🤖 AI Summary
Conventional fault-tolerance mechanisms—such as ECC and hardware redundancy—are inadequate against permanent hardware faults in spaceborne processors induced by high-energy radiation and adversarial attacks.
Method: This paper proposes a detection–response fault-tolerant architecture integrating physical-layer sensing, instruction-level software-adaptive reconfiguration, and FPGA-based partial reconfiguration at the hardware level. It introduces an on-chip delay sensor for pre-fault radiation sensing and enables, for the first time, dynamic instruction remapping and resource-level self-healing reconfiguration under permanent faults.

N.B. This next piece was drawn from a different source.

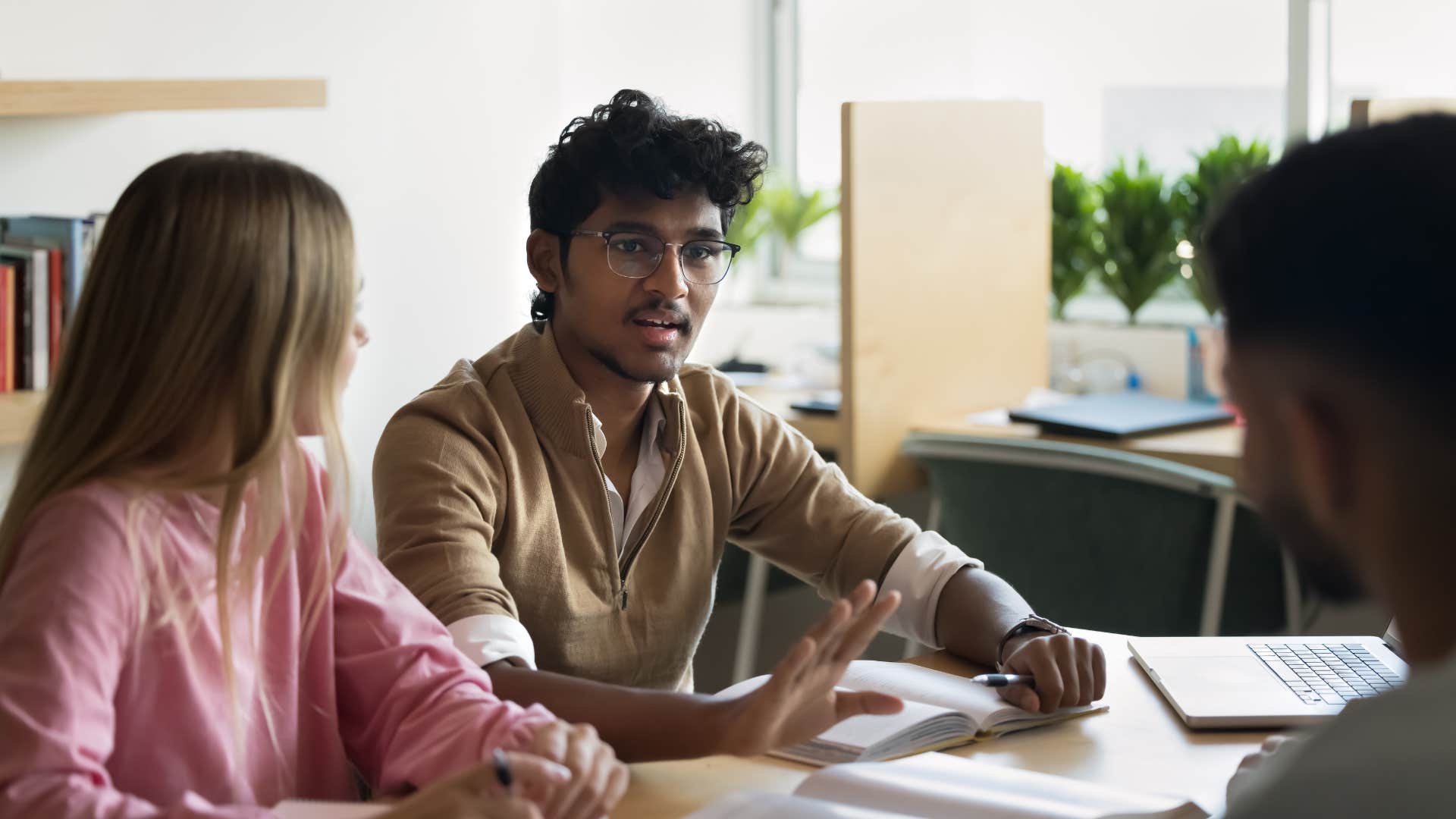 intelligent man telling colleagues i don't think it's that simple during work meeting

Contribution/Results: Implemented on a 28 nm FPGA-based RISC-V processor, the architecture detects and recovers from diverse soft and hard errors while ensuring continuous system operation. Experimental evaluation demonstrates sub-100 ns fault detection and response latency and hardware reconfiguration recovery time under 5 ms.
📝 Abstract
Satellites are highly vulnerable to adversarial glitches or high-energy radiation in space, which could cause faults on the onboard computer. Various radiation- and fault-tolerant methods, such as error correction codes (ECC) and redundancy-based approaches, have been explored over the last decades to mitigate temporary soft errors on software and hardware. However, conventional ECC methods fail to deal with hard errors or permanent faults in the hardware components. This work introduces a detection- and response-based countermeasure to deal with partially damaged processor chips. It recovers the processor chip from permanent faults and enables continuous operation with available undamaged resources on the chip. We incorporate digitally-compatible delay-based sensors on the target processor's chip to reliably detect the incoming radiation or glitching attempts on the physical fabric of the chip, even before a fault occurs. Upon detecting a fault in one or more components of the processor's arithmetic logic unit (ALU), our countermeasure employs adaptive software recompilations to resynthesize and substitute the affected instructions with instructions of still functioning components to accomplish the task. Furthermore, if the fault is more widespread and prevents the correct operation of the entire processor, our approach deploys adaptive hardware partial reconfigurations to replace and reroute the failed components to undamaged locations of the chip. To validate our claims, we deploy a high-energy near-infrared (NIR) laser beam on a RISC-V processor implemented on a 28~nm FPGA to emulate radiation and even hard errors by partially damaging the FPGA fabric. We demonstrate that our sensor can confidently detect the radiation and trigger the processor testing and fault recovery mechanisms. Finally, we discuss the overhead imposed by our countermeasure.